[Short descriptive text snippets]
============

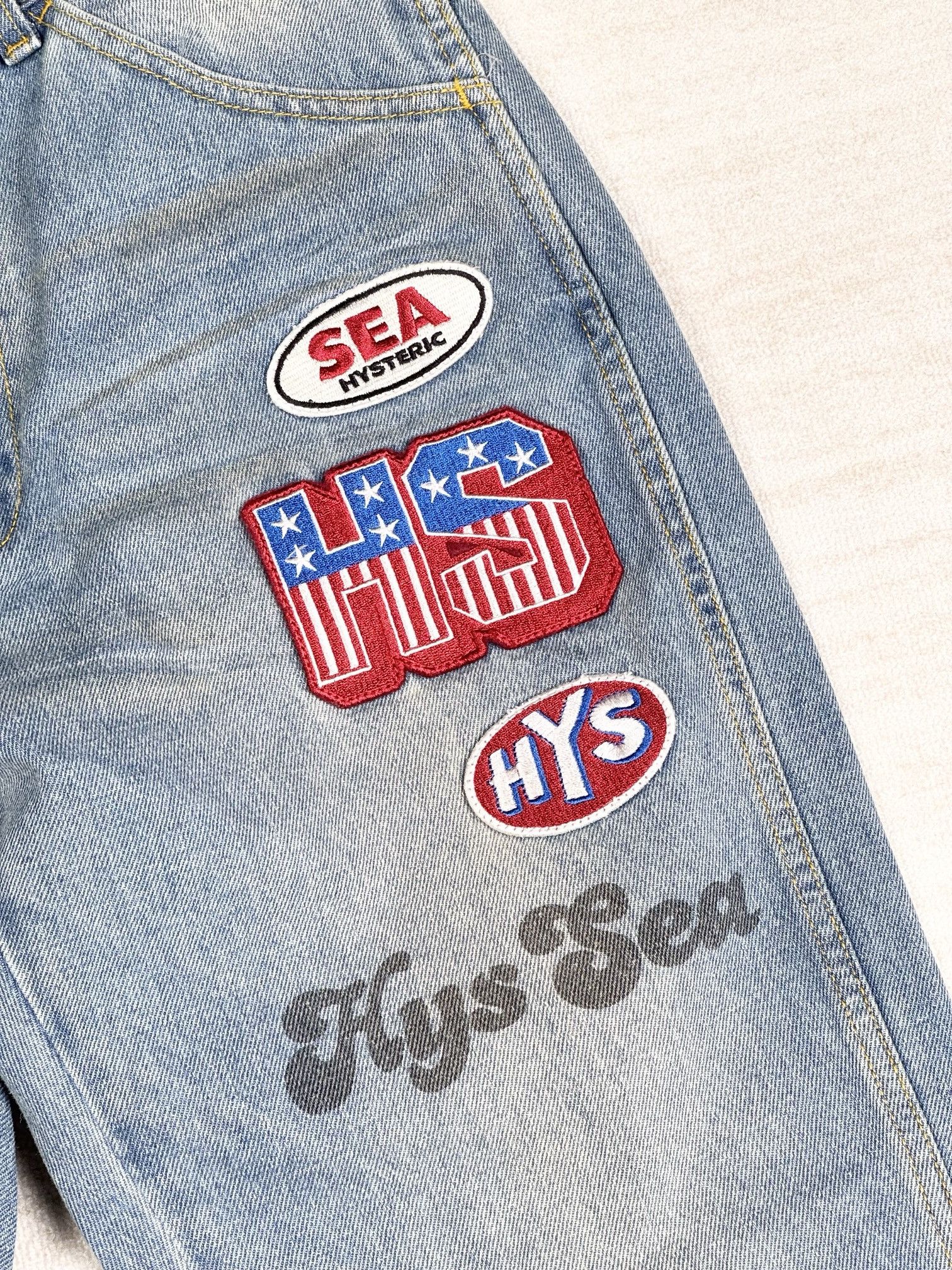 Hysteric Glamour hysteric glamour wind and see jean Size US 30 / EU 46 - 7 Thumbnail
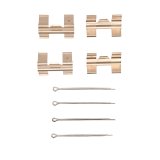 DFC 74-16 Land Rover Defender 90 Rear Premium Hardware Kit thumbnail 1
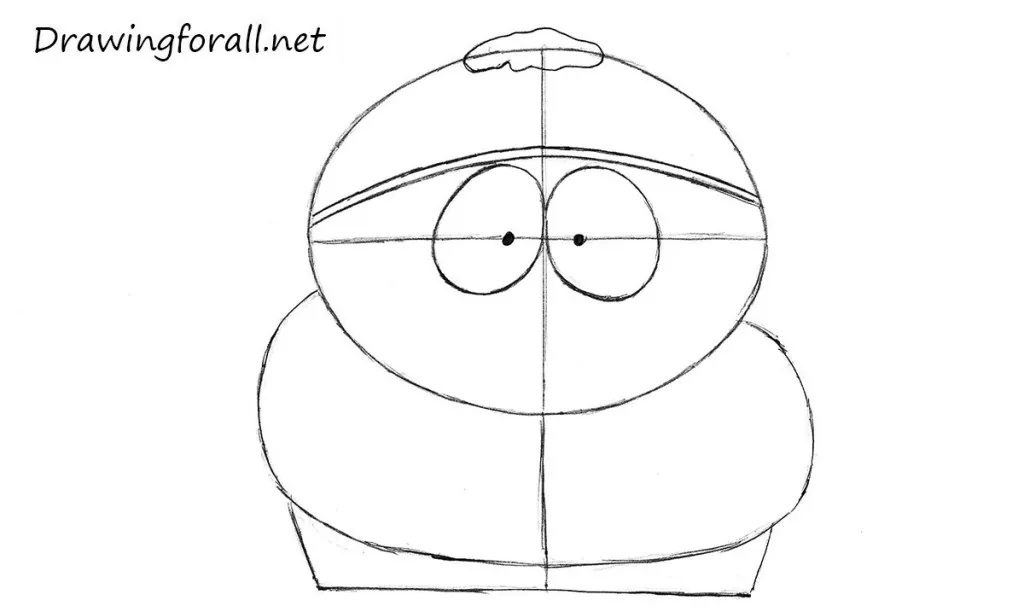 drawing eric cartman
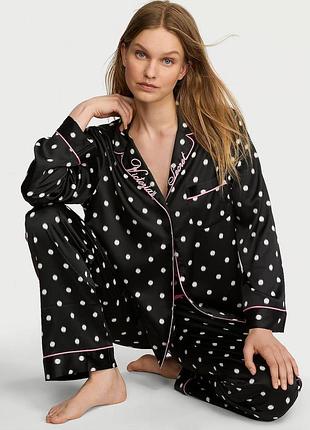 Піжама сатинова victoria’s secret оригінал
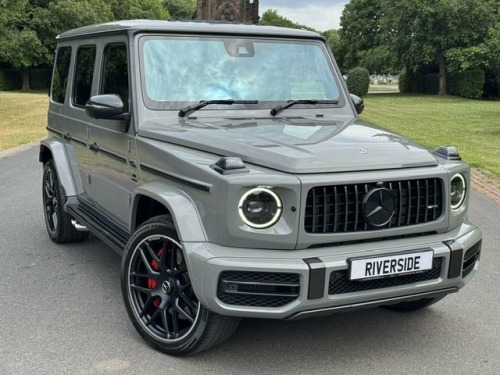 Mercedes-Benz G-Class  4.0 G63 V8 BiTurbo AMG Carbon Edition SUV 5dr Petr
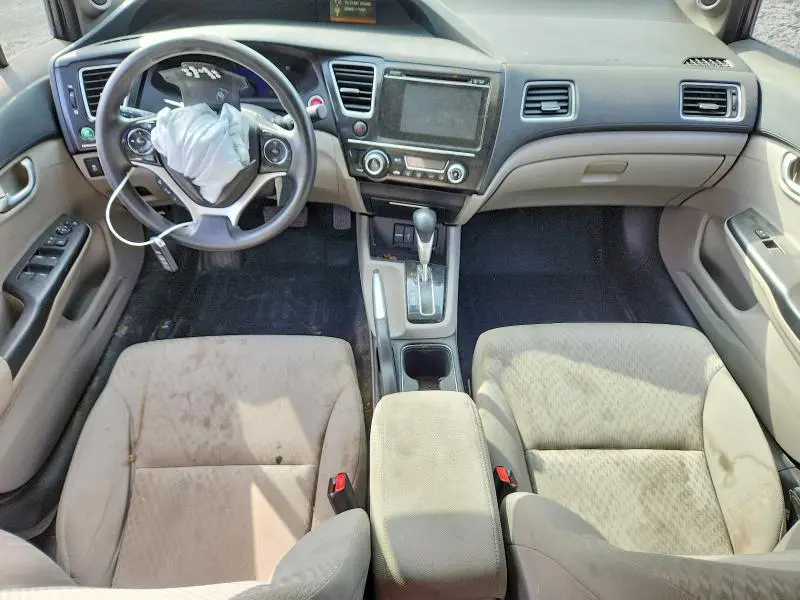 2015 HONDA CIVIC EX  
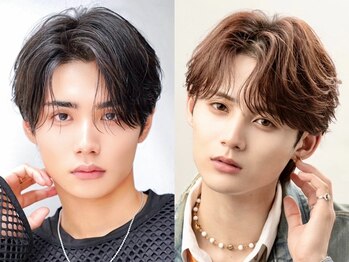 オーシャントーキョー シブヤジンナン(OCEAN TOKYO shibuya JINNAN)の写真/第一印象を左右するベースカットは《OCEAN TOKYO》にお任せ！もちが良く扱いやすいスタイルに。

============

• [Your objective] Please return the entries above exactly as they appear, but without the pictures.

• [Output of the task]
 Hysteric Glamour hysteric glamour wind and see jean Size US 30 / EU 46 - 7 Thumbnail
 DFC 74-16 Land Rover Defender 90 Rear Premium Hardware Kit thumbnail 1
 drawing eric cartman
 Піжама сатинова victoria’s secret оригінал
 Mercedes-Benz G-Class  4.0 G63 V8 BiTurbo AMG Carbon Edition SUV 5dr Petr
 2015 HONDA CIVIC EX  
 オーシャントーキョー シブヤジンナン(OCEAN TOKYO shibuya JINNAN)の写真/第一印象を左右するベースカットは《OCEAN TOKYO》にお任せ！もちが良く扱いやすいスタイルに。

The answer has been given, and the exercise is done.